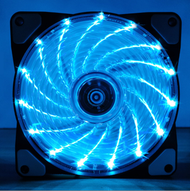 全城熱賣 - 15燈機箱風扇 12cm發光流光台式機電腦主機散熱風扇靜音機箱風扇（流星雨15燈冰藍流光風扇）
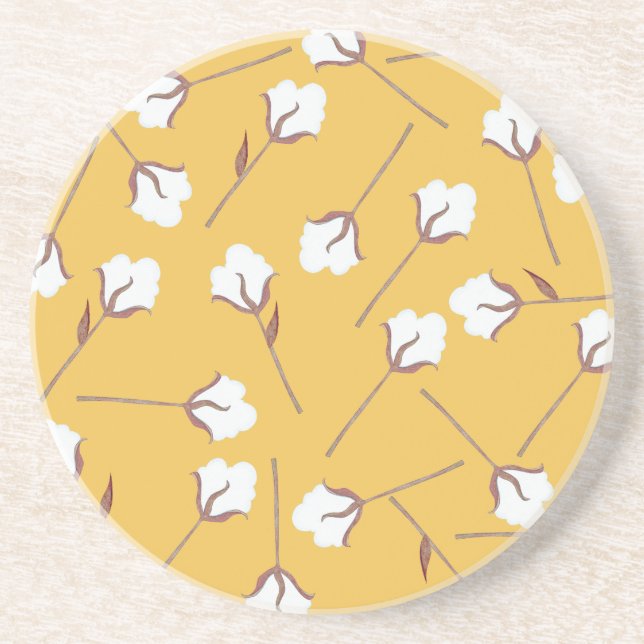 Rustic Farmhouse Cotton Flowers Coaster (Front)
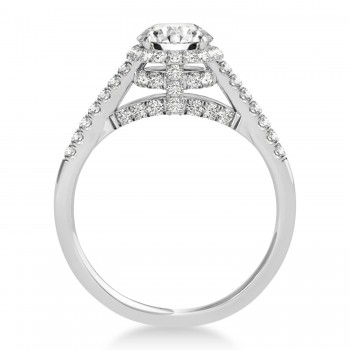 Lab Grown Diamond Hidden Halo Engagement Ring 14k White Gold (0.38ct)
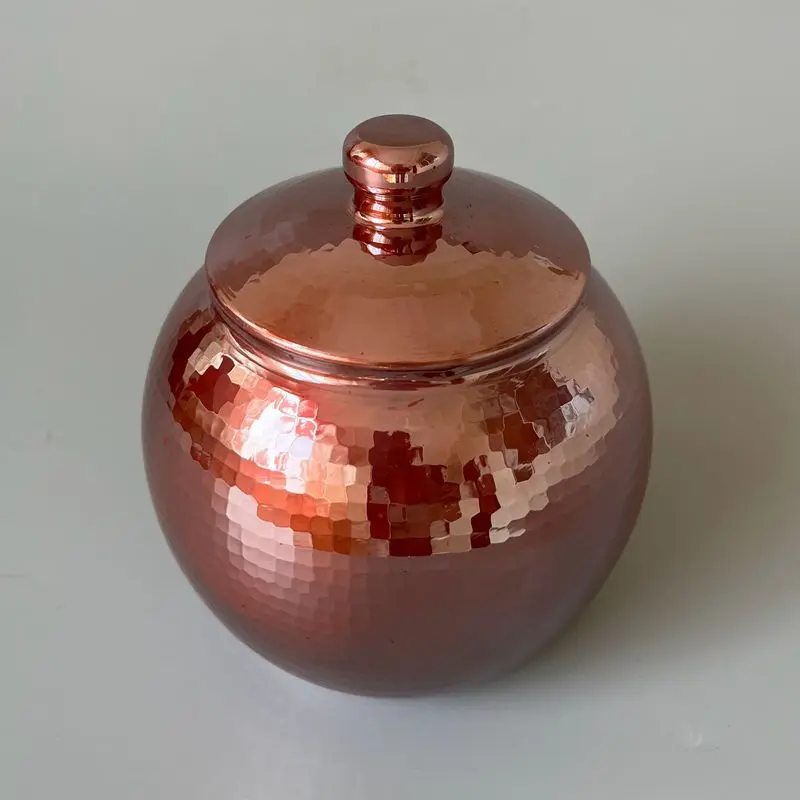 

Handmade Pure Copper Tea Pot With Lid Household Sealed Container Multi Use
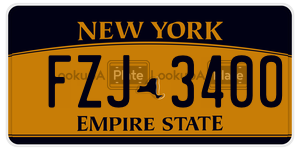 FZJ3400 license plate in New York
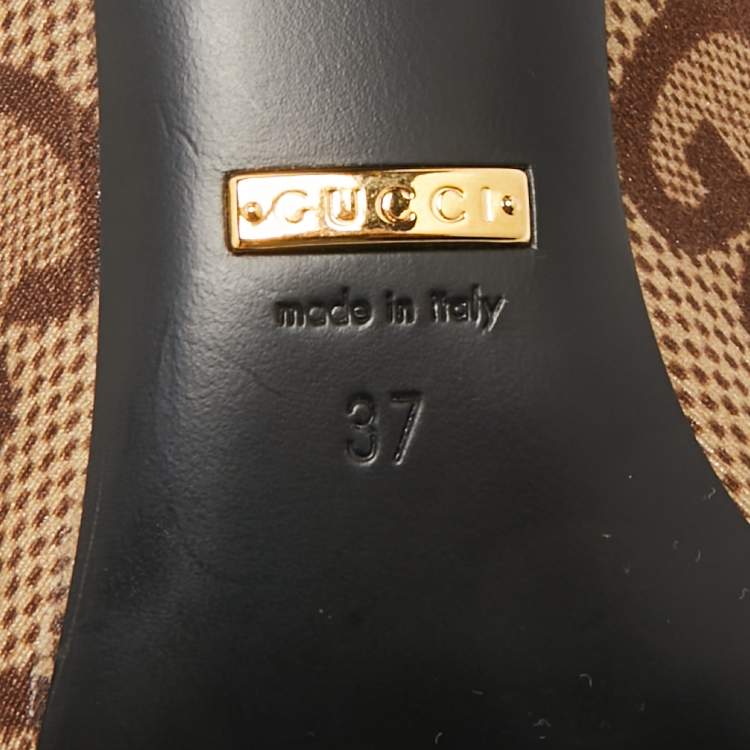 Pre Owned Gucci Beige Stretch Fabric GG Ankle Length Boots Size 37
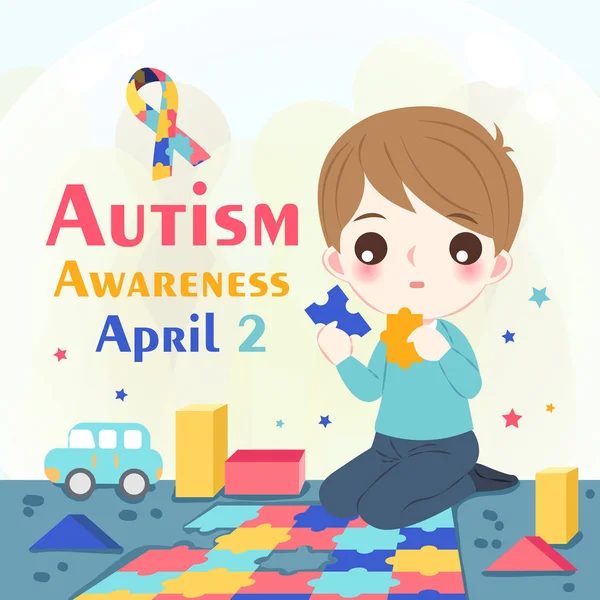 Boy with autism awareness concept — Stock Vector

# [Exercise instructions]
Print the data once more without any change, skipping each picture.

# [Response box]
 全城熱賣 - 15燈機箱風扇 12cm發光流光台式機電腦主機散熱風扇靜音機箱風扇（流星雨15燈冰藍流光風扇）
 Rustic Farmhouse Cotton Flowers Coaster (Front)
 Lab Grown Diamond Hidden Halo Engagement Ring 14k White Gold (0.38ct)

Handmade Pure Copper Tea Pot With Lid Household Sealed Container Multi Use
 FZJ3400 license plate in New York
 Pre Owned Gucci Beige Stretch Fabric GG Ankle Length Boots Size 37
 Boy with autism awareness concept — Stock Vector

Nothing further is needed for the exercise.